Si elle se consacre à la peinture, Stéphanie Auger laisse à d’autres les questions de représentation et d’image. Au cœur de ses préoccupations, il y a plutôt la peinture en tant que plan coloré qui structure l’espace, et en tant que matériau qui rassemble, presque magiquement, des composés divers aux possibilités chromatiques infinies. L’artiste aime fabriquer elle-même ses pigments, gouaches et aquarelles pour des raisons esthétiques, écologiques, voire philosophiques. Ce qu’elle apprécie, entre autres, est la liste courte des ingrédients qui composent ses préparations, les limites de leur adhérence sur le support et leur appartenance à une histoire longue de la fabrication des couleurs.
La résidence à Est-Nord-Est s’est présentée comme l’occasion rêvée de reprendre ses recherches sur l’élaboration des peintures, car le processus demande du temps et un espace adapté. L’artiste est donc débarquée avec tout son attirail : molette en verre, bocaux de gomme arabique et de miel et collection de roches, de poudres et de plantes séchées. Au myrique baumier cueilli à Saguenay se sont ajoutés un caillou d’oxyde de fer et un joli pigment jaune, provenant respectivement de la grève de Saint-Jean-Port-Joli et de l’armoire personnelle de Pierre Bourgault. Pendant plusieurs jours, elle a testé ses recettes, noté les temps de broyage, produit des nuanciers et tenté quelques esquisses. Sur les grands papiers japonais qu’elle affectionne, elle a appliqué les couleurs : des verts, bleus, ocres et rouilles aux textures qui varient selon le geste de l’application ou la quantité de résidus dans les mélanges.

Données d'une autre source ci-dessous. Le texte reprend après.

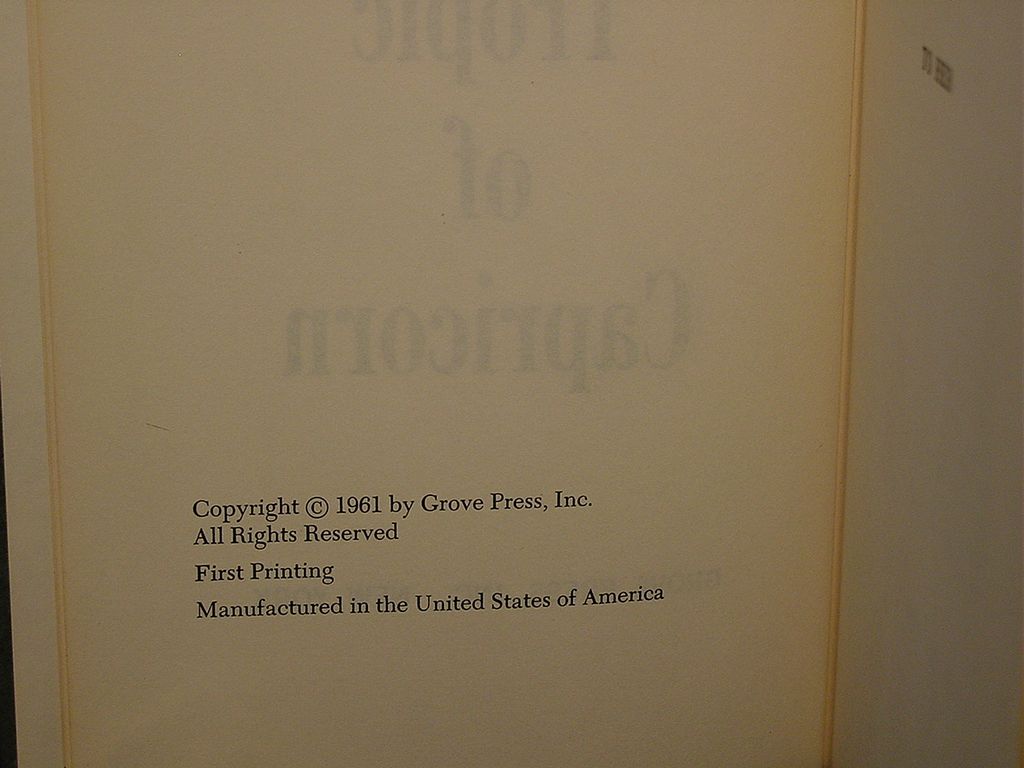 "Tropic of Capricorn" Henry Miller ,1st American Ed, 1st Print "Tropic of Capricorn" Henry Miller ,1st American Ed, 1st Print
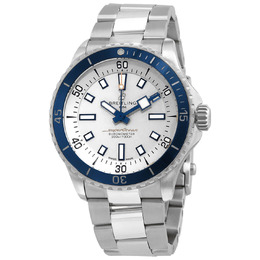 Breitling Superocean Automatic Chronometer Silver Dial Mens Watch a17375e71g1a1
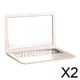 thumbnail image 1 of 2xEspejo De Maquillaje Mini Espejo Plegable Mini Espejo Para Computadora Portátil Para Bolso Mujeres Niñas, 1 of 8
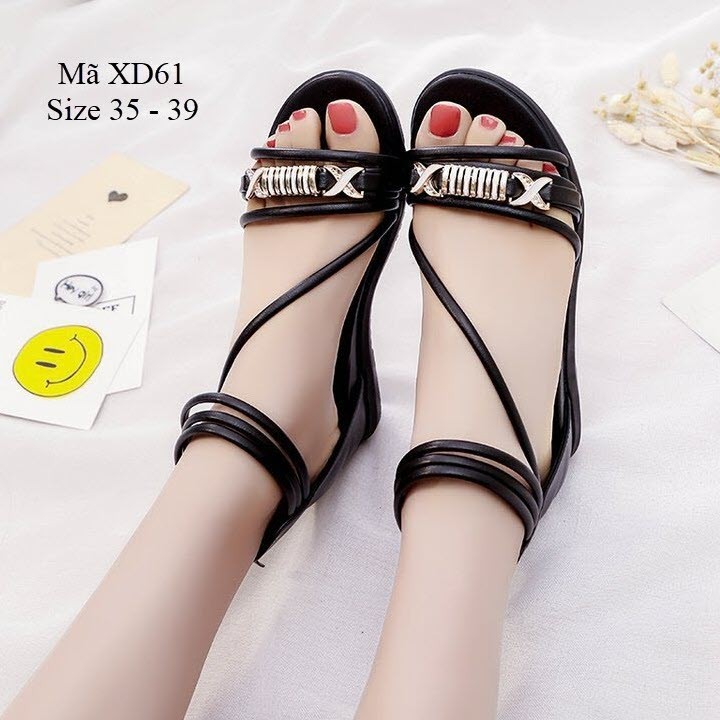 Sandal nữ đế độn sành điệu xd61 Sandal nữ đế độn sành điệu xd61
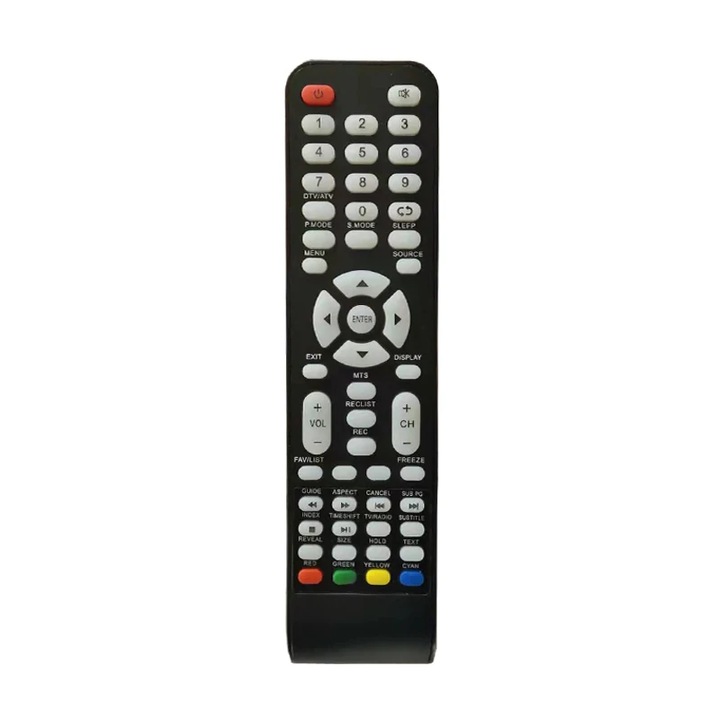 Дистанционно, Универсално, Съвместимо с Vinchi Led TV, черно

Contrairement à ses derniers travaux, l’installation des papiers dans l’espace s’est faite plus modestement. Elle a choisi d’explorer des formats moyens ou petits et des stratégies d’accrochage qui épousent les murs. Au terme des deux mois de résidence, on pouvait donc trouver dans son atelier, autour de son cabinet, ses papiers découpés dans des formes arrondies, parfois superposés, collés, fixés par des œillets ou suspendus par des cordes. Un instantané d’un travail en cours porté par une fascination pour la matière et ses qualités expressives.